Les rapports des services d’audit interne et d’inspection ou des juridictions financières montrent qu’il n’y a trop souvent pas de réelle mise en concurrence, généralement au prétexte de l’urgence ou du caractère unique des compétences du fournisseur.

Lorsqu’il y a mise en concurrence formelle, le code des marchés publics, en principe pour donner plus de souplesse aux gestionnaires publics, permet souvent à ceux-ci de négocier les conditions du marché avec les candidats et de les attribuer non sur la base du seul prix mais en fonction de multiples critères. Si certains de ceux-ci sont éliminatoires, les candidats peuvent être en nombre trop restreint. Même si ce n’est pas le cas, les possibilités de négociation et la variété des critères peuvent donner lieu à des choix arbitraires et à la corruption des décideurs. Il est en outre difficile pour les contrôleurs externes de mettre en évidence que ces procédures ont été faussées. Leurs rapports et les suites données par les juridictions pénales à leur saisine montrent néanmoins que c’est trop souvent le cas.

Des progrès ont certes été accomplis ces dernières années, par exemple pour professionnaliser les acheteurs publics et renforcer le rôle des commissions des marchés, mais le développement des procédures négociées et la multiplication des critères possibles de choix des attributaires vont dans le mauvais sens.

Selon S. Saussier et J. Tirole dans la note précitée, « il faut reconnaitre que l’objectif de la commande publique, quel qu’en soit le montant, est avant tout de satisfaire un besoin identifié en parvenant à la meilleure performance en termes de coût et de services ou fonctionnalités attendus. Charger la commande publique d’atteindre des objectifs sociaux, environnementaux ou d’innovation est inefficace ».
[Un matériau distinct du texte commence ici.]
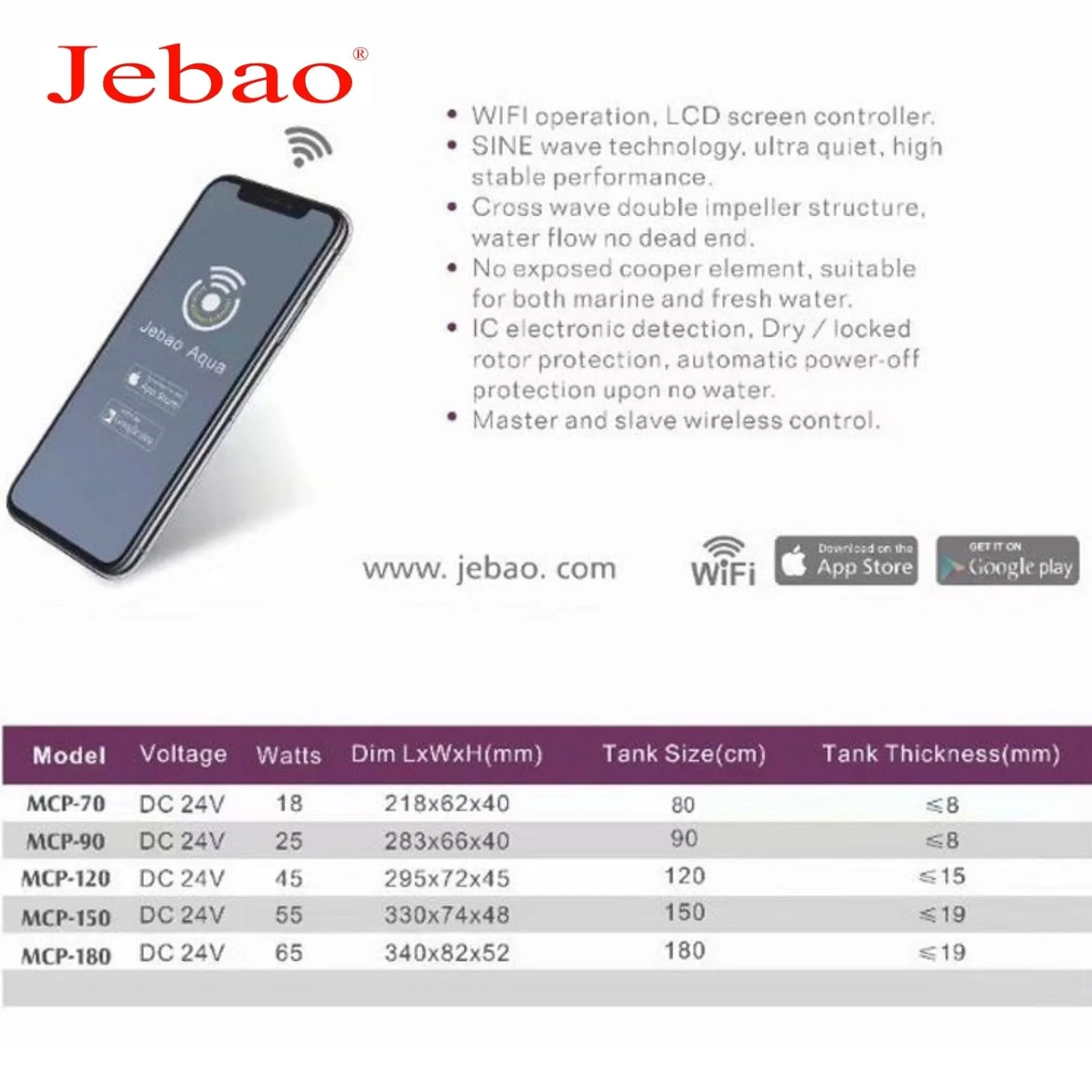 Jebao Crossflow Wavemaker (WIFI) MCP-90 MCP-120 MCP150 MCP 180 - Image 4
La réforme du droit de la commande publique mise en œuvre en 2016 en application de directives européennes de février 2014 va à l’encontre de ces recommandations en faisant notamment de l’achat public, selon le dossier de presse du ministère de l’économie, un « levier de la politique en matière d’emploi et de développement durable » ou encore « un cadre plus propice aux PME et à l’innovation ». Les modifications ultérieures du code des marchés publics sont généralement allées dans ce même sens et il est à craindre que les achats publics soient plus chers sans pour autant atteindre ces objectifs.

 

[1] Dans le code des marchés publics, le mot « fourniture » ne désigne que la fourniture de biens.